Coffee ordered and recorder on, he sits and begins a 40-minute chat looking over many aspects of an 18-year career, including highlights, low points and the reasons why he’s now walking away.

Hesjedal is decked out in Trek-Segafredo team kit and will clock up more kilometres after the interview, but his time competing is done: these last spins are about winding the body down, easing the aches out of jaded muscles and bidding farewell to Girona, his European home.

“I first came here in 2004,” he tells CyclingTips, sipping his coffee and shivering slightly in the autumn shadows. “I’ve never been here all year round. I always go back to Canada and Hawaii for the off-season. But it’s been a good run here. It is a beautiful and great city.

“I enjoyed my time here very much and I will probably miss it.”

Hesjedal is just 35 years of age. Compared to other big names who have stretched their careers until beyond their 40s, riders such as former pro Jens Voigt and the still-competing Chris Horner, he should still have more racing years left in the tank.

But he’s sure it’s the correct moment to stop.

“It’s just the feeling. It just felt like the right time,” he explains. “I have been thinking about it here and there. I think that [pondering] is normal for anyone who has been riding for a decent period of time. It just became clear halfway through this year that I was ready to move on and call it. That is what I did, and here we are.”

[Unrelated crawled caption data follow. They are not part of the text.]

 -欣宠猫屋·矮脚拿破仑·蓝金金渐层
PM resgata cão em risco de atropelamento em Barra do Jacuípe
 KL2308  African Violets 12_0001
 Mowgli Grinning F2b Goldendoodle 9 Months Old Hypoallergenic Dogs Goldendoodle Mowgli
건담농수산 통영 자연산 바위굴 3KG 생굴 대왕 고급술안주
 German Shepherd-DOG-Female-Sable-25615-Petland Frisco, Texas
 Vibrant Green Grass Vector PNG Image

Setting bars, chasing goals

Where we are is sitting on Girona’s Rambla de la Llibertat on a sunny autumn day. But we are also at the end of a long career, looking back through time at the standout moments. In terms of results, there are clear peaks: the most famous, of course, is victory in the 2012 Giro d’Italia. But there are also his Vuelta a España stage wins in 2009 and 2014.

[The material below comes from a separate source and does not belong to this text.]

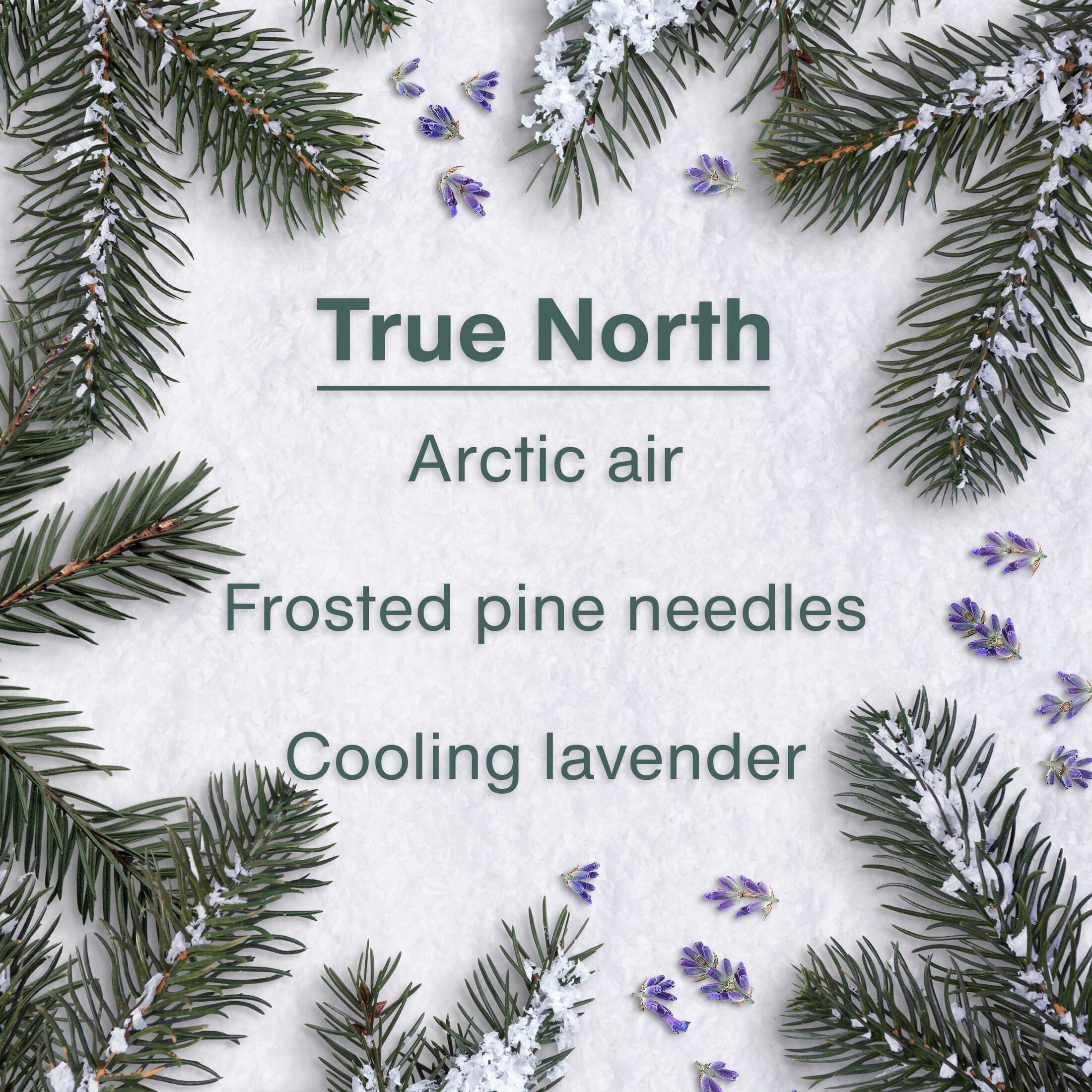LITTLE TREES air freshener True North 6-Pack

Add to those his fifth place overall in the 2010 Tour, a placing equalled again in the 2015 Giro. There’s second in the 2010 Amstel Gold Race. Third in the GP Cycliste de Montreal the same year, as well as fourth in the GP Cycliste de Québec. And don’t forget top ten placings in a host of other races, including the Volta a Catalunya, the Tour of California, Il Lombardia and Liège-Bastogne-Liège.

Hesjedal also achieved on the mountainbike, take silver medals in the junior, under 23 and senior worlds.

Talk about standouts, though, and one shines clearly for him.

“It’s pretty easy,” he says. “The Giro. If you look at how hard the sport is, that is the peak, that is the pinnacle. To win a Grand Tour … that is it.

“That is the highlight, for sure.

“But there have been a lot of moments around that that were important. Maybe not victories, but they were important steps. I think coming back to Europe in 2008 after a year in North America [with Healthnet-Maxxis – ed.] was a big point. I went back to the Giro that year and then went to my first Tour de France.

“I think that was a really important moment. I look at that as the start of everything I achieved up until now. That is where I built the biggest results that I did in my career. That was a period where I really felt like I was achieving what I sent out to do. That went on for quite a few years.”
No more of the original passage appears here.